Babehoven Search For Meaning in Multitudes
Maya Bon and Ryan Albert discuss the art of making sense of subconscious writing, turning consonant melodies into celebratory motifs, their passion for Balkan music and Black Sabbath, and their sophomore album, Water’s Here in You.
Photo by Wyndham Garnett
“With hands outstretched, I forgive you,” Maya Bon beckons at the beginning of Babehoven’s newest album, Water’s Here in You. “I forgive you, I wish there was something I could give you.” The year is still young, and yet Babehoven (Bon and her partner/producer, Ryan Albert) have returned to us here—not even two years removed from releasing their beautiful debut, Light Moving Time—with another collection of songs that pore over with empathy, kindness and cosmic companionship. Tapping into a Babehoven record is its own form of self-care, as the wonders of Bon and Albert’s world are loosely wound around a totem of heavy-hearted intimacy—a closeness you can grab onto and use to nurse yourself back to completion.
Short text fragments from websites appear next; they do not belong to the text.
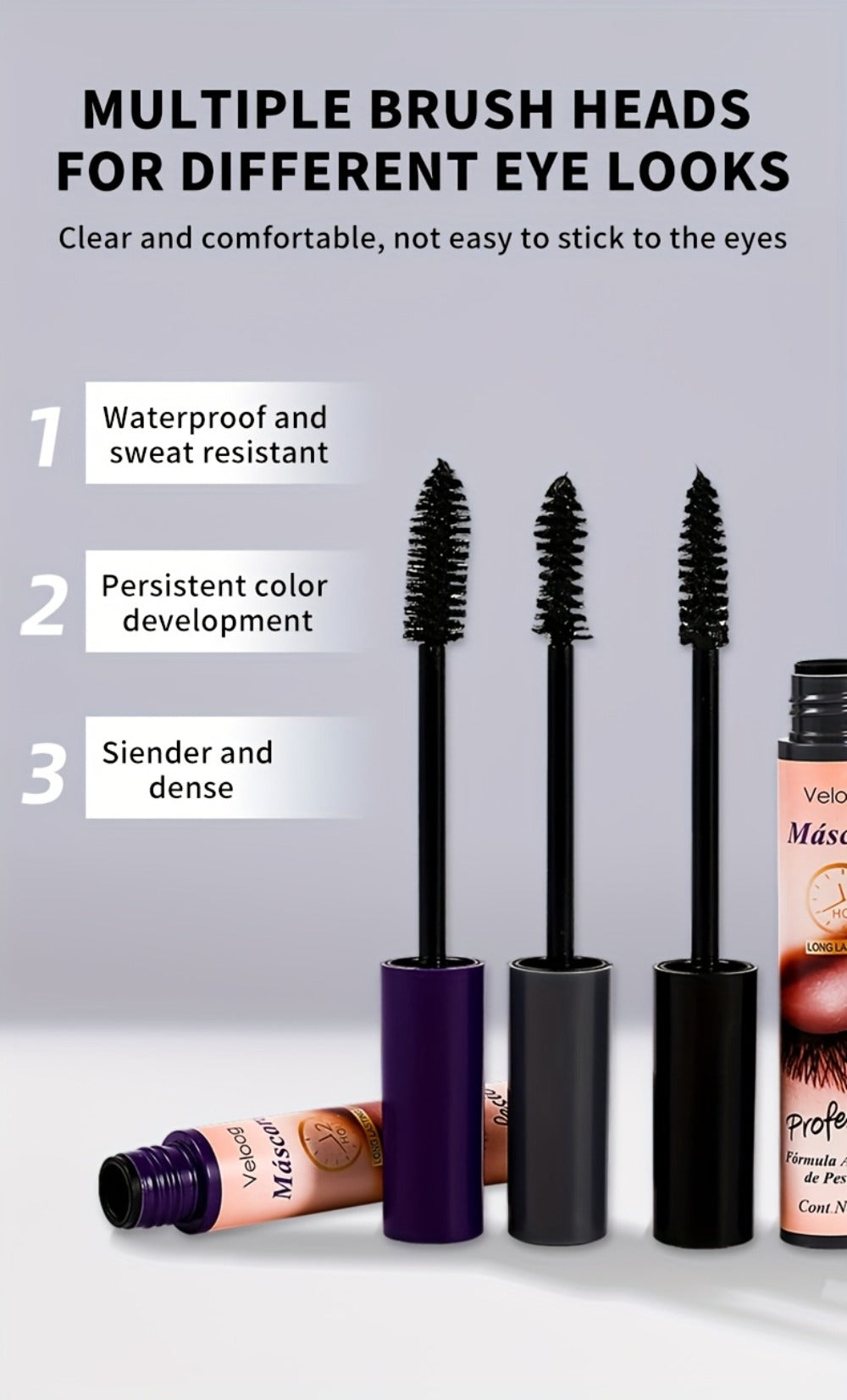 Waterproof Mascara Set 3pcs — Lengthening Volumizing Curling Mascara with 3 Brush Heads (Sea Urchin, Spiral, Conical), Long-Lasting Sweatproof Humidity-Resistant Eye Makeup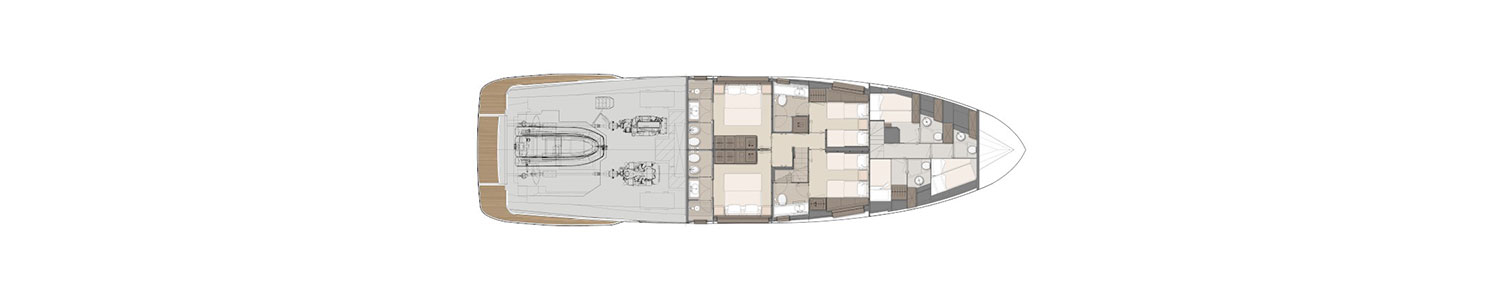 Yacht Brands Custom Line Navetta 30 layout lower deck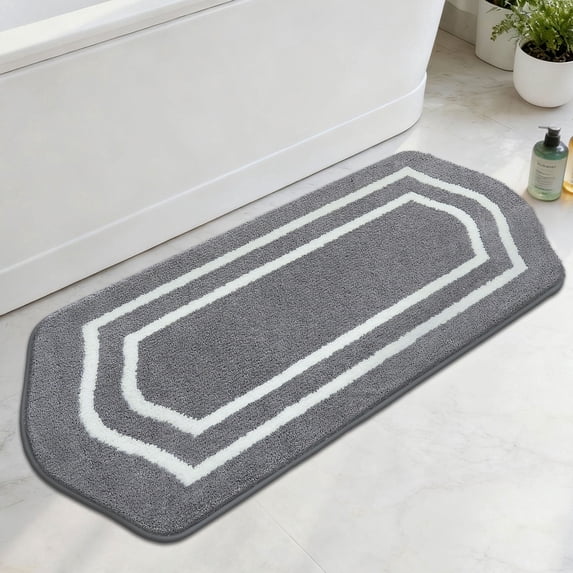 JAATOP Bathroom Rugs 24"x 48", Non-Slip TPR Backing Bath Mats Rugs for Bathroom Floor , Machine Washable Mat, Gray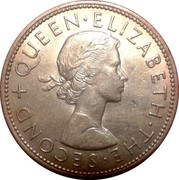 New Zealand Half Crown (Elizabeth II) KM# 29.1 + QUEEN∙ELIZABETH∙THE∙SECOND coin obverse New Zealand Half Crown (Elizabeth II) KM# 29.1 + QUEEN∙ELIZABETH∙THE∙SECOND coin obverse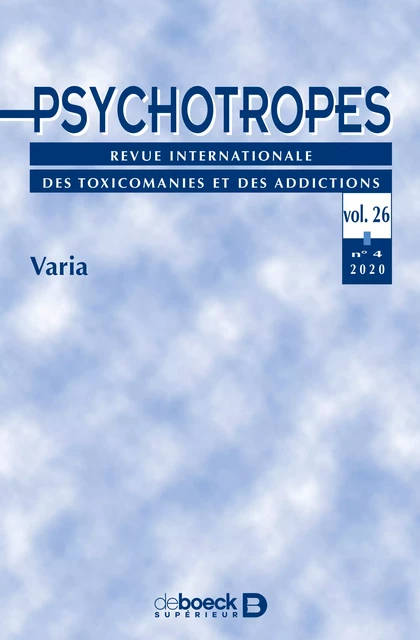 Psychotropes -  Collectif - Revues De Boeck Supérieur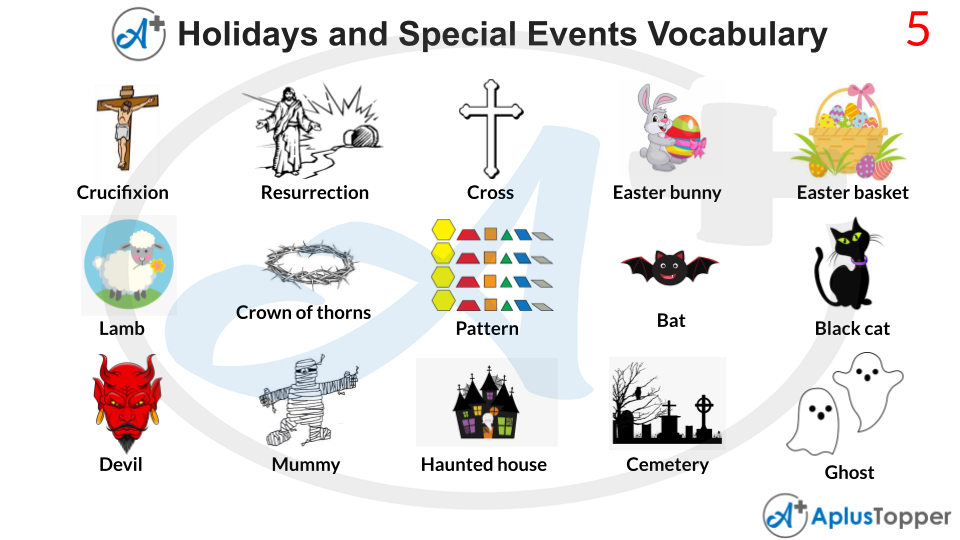 Holidays and Special Events Vocabulary Words List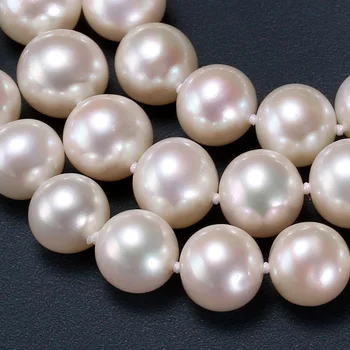 Real rundă de apă dulce pearl colier pentru femei,alb de mireasa naturale coliere de perle soția cadou de aniversare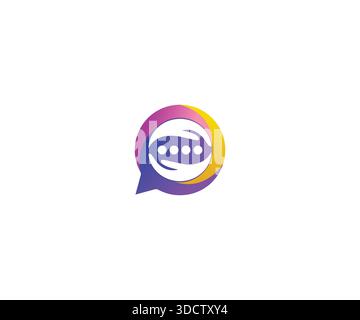 Helping Hand and Chat Bubble Logo Stock Vector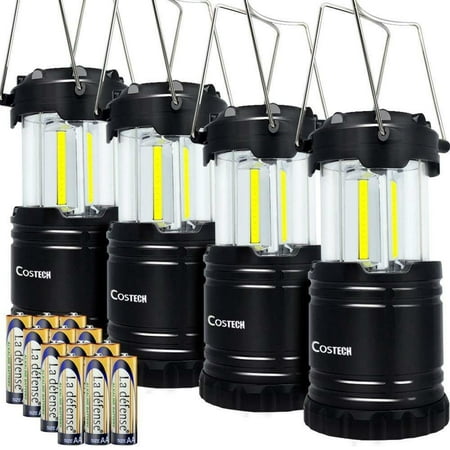 Super Bright Camping Lantern, Costech Portable Outdoor Lights Hanging Flashlight Camping Gear Equipment with Batteries for Hurricane Storm Outage Emergency 4 pack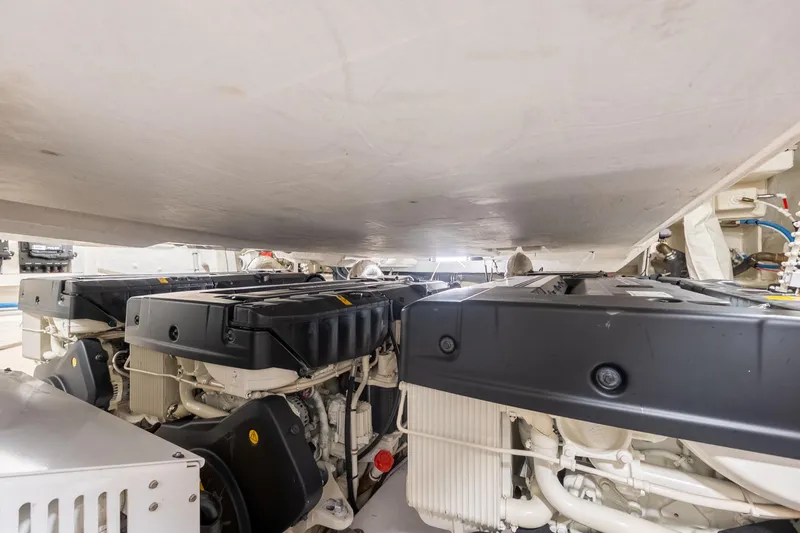  Yacht Photos Pics Engine room of 2023 Azimut S8 yacht showcasing powerful machinery.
Babehoven formed in the late-2010s, and the duo released a handful of EPs before finally unveiling Light Moving Time in 2022. Now, Bon and Albert are finding themselves in a space full of an energy not yet zapped by the streaming age and relishing the untapped potential an LP can offer them (“I love the art of an album,” Albert contends). On Water’s Here in You songs like “Millennia” and “Lonely, Cold Seed,” they are buying into the unavoidable ebbs and flows of a record while finding moments to experiment with their musical interests that, often, exist far outside of indie music—including minimalist noise, Laurie Spiegel records and Gamelan music. “It’s us stretching our creative legs and going down a rabbit hole,” Albert says. “I don’t think we could have done that in the EP world.”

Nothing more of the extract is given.